DATA PROVIDED:
=== Begin Enclosure ===
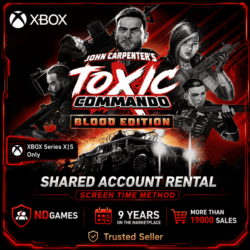 [XBOX SERIES X|S] АРЕНДА | John Carpenter's Toxic Commando - Blood Edition
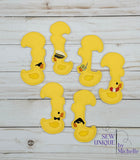 $5 Friday Cruise Duck Magnetic Fold Over Bookmark 414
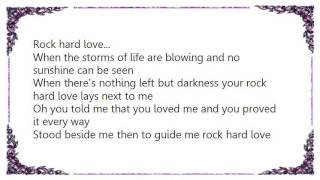 Buck Owens - Rock Hard Love Lyrics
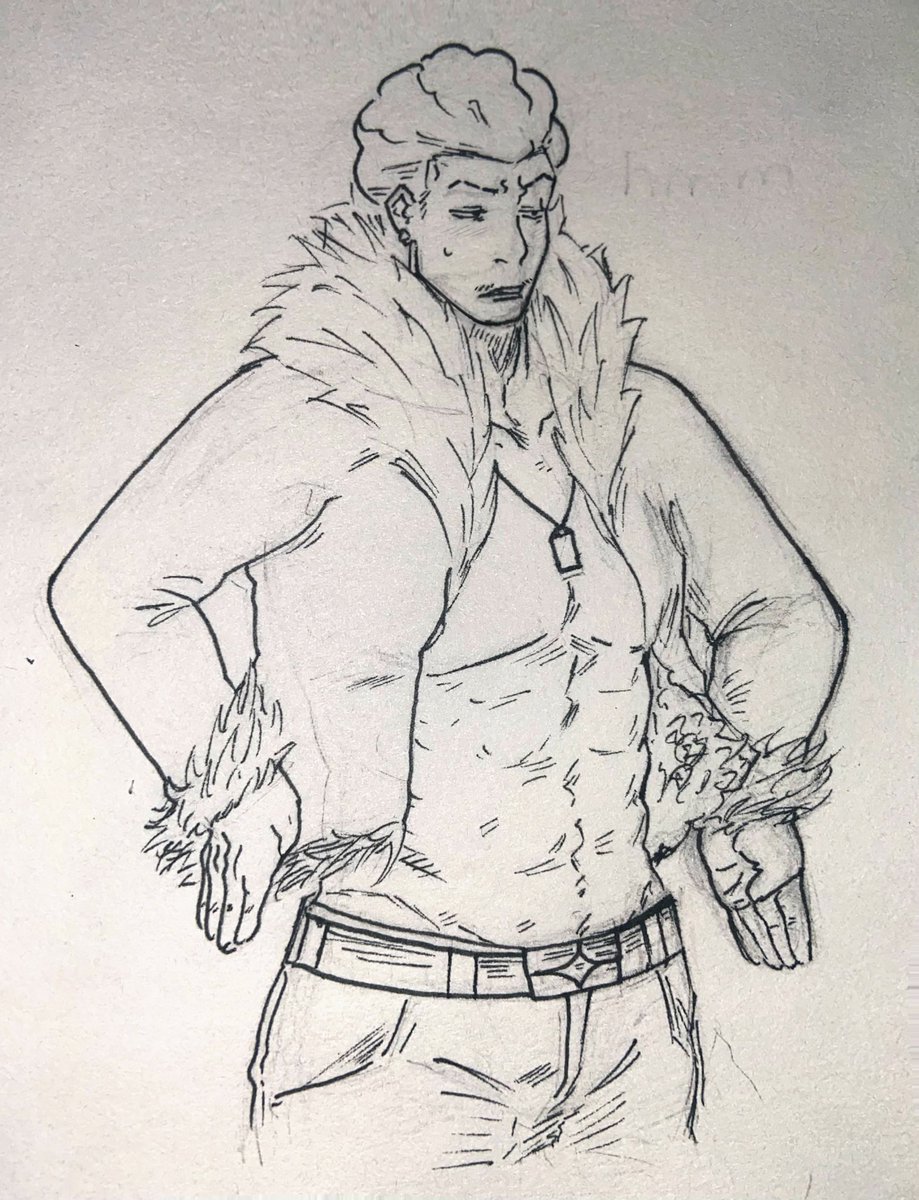 Hakari in Ryu’s clothes bc I had a study break #Kinjihakari #呪術廻戦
=== End Enclosure ===
Pictures are to be omitted; otherwise, write out the data exactly as it appears.

RESPONSE:
 [XBOX SERIES X|S] АРЕНДА | John Carpenter's Toxic Commando - Blood Edition
 $5 Friday Cruise Duck Magnetic Fold Over Bookmark 414
 Buck Owens - Rock Hard Love Lyrics
 Hakari in Ryu’s clothes bc I had a study break #Kinjihakari #呪術廻戦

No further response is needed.